> [TASK DIRECTIONS]:
Could you set down the lines from the first line of the entries below through the line with "Certified 2023 Mercedes-Benz", exactly and with no pictures?

> [TASK MATERIAL]:
※

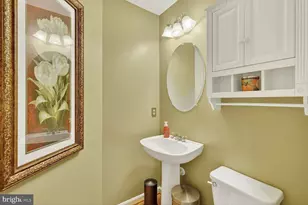 8205 Swamp Rose Pl, Laurel, MD 20724 - Photo 12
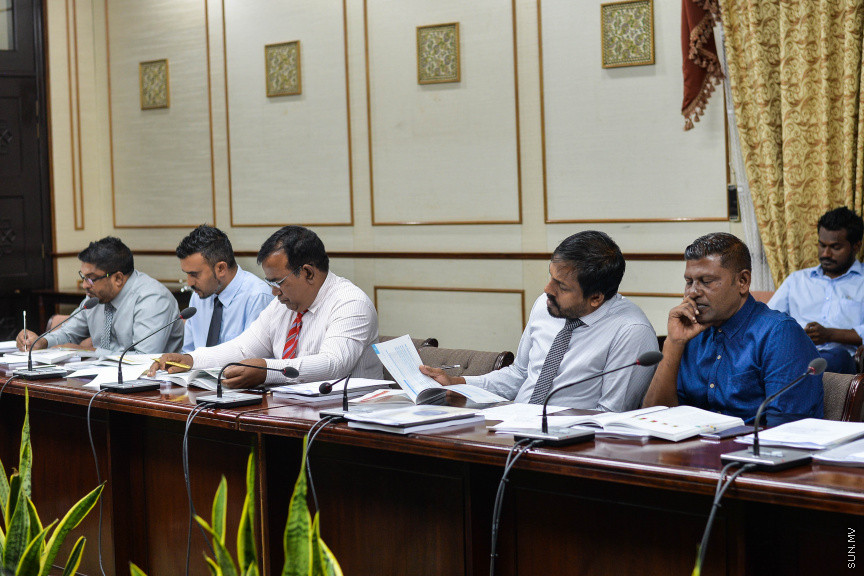 ނޮވެމްބަރ 8، 2019: އަންނަ އަހަރަ(2020)އަށް ލަފާކުރާ ދައުލަތުގެ ބެޖެޓު ދިރާސާކުރާ ރައްޔިތުން މަޖިލީހުގެ ކޮމިޓީގެ ބައްދަލުވުމަށް ފިނޭންސް މިނިސްޓަރު އިބްރާހިމް އަމީރު ހާޒިރުކުރެއްވުން -- ސަން ފޮޓޯ/ ފަޔާޒު މޫސާ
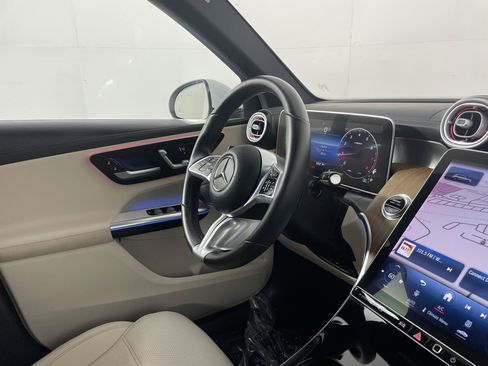 Certified 2023 Mercedes-Benz GLC 300 4MATIC image 10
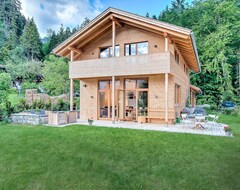Toàn bộ căn nhà/căn hộ Luxury Design Wooden House With Flair In Bavaria With Sauna, Garden And Mountain Views (Bayrischzell, Đức)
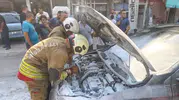 İskenderun'da seyir halindeki otomobil motor kısmından çıkan yangınla küle döndü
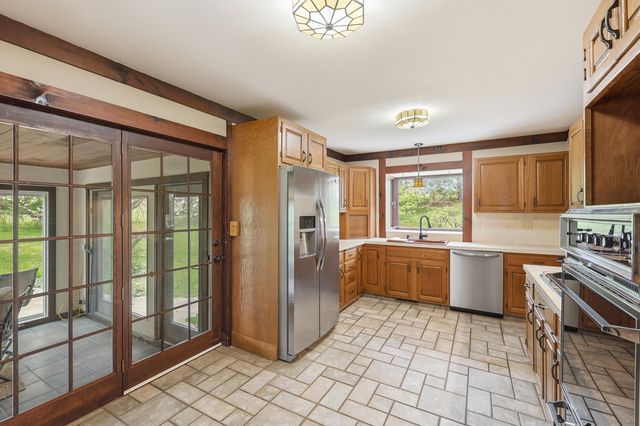 5575 Giles Avenue NE, Rockford, MI 49341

※

> [RESULT]:
 8205 Swamp Rose Pl, Laurel, MD 20724 - Photo 12
 ނޮވެމްބަރ 8، 2019: އަންނަ އަހަރަ(2020)އަށް ލަފާކުރާ ދައުލަތުގެ ބެޖެޓު ދިރާސާކުރާ ރައްޔިތުން މަޖިލީހުގެ ކޮމިޓީގެ ބައްދަލުވުމަށް ފިނޭންސް މިނިސްޓަރު އިބްރާހިމް އަމީރު ހާޒިރުކުރެއްވުން -- ސަން ފޮޓޯ/ ފަޔާޒު މޫސާ
 Certified 2023 Mercedes-Benz GLC 300 4MATIC image 10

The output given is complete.